### Data provided:
Start of Block

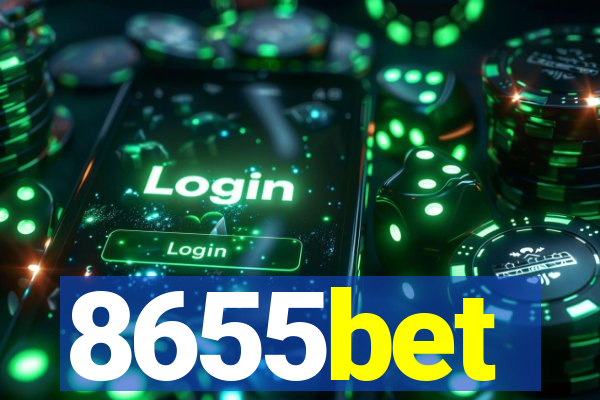 8655bet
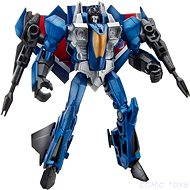 Transformers - Základná pohyblivý transformer Thundercracker - Figúrka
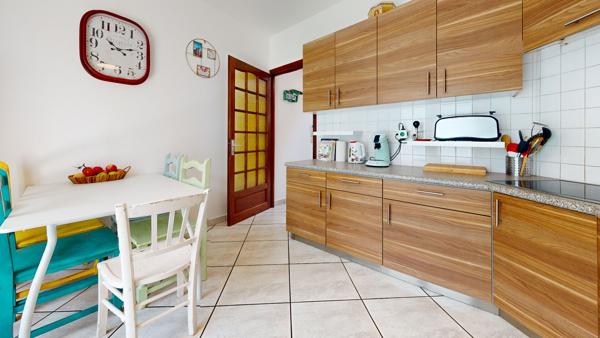 Maison Meythet 6 pièce(s) 140 m2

End of Block

### Your task:
Start at the first line and set down all of the data exactly, passing over the pictures.

### Finished exercise:
 8655bet
 Transformers - Základná pohyblivý transformer Thundercracker - Figúrka
 Maison Meythet 6 pièce(s) 140 m2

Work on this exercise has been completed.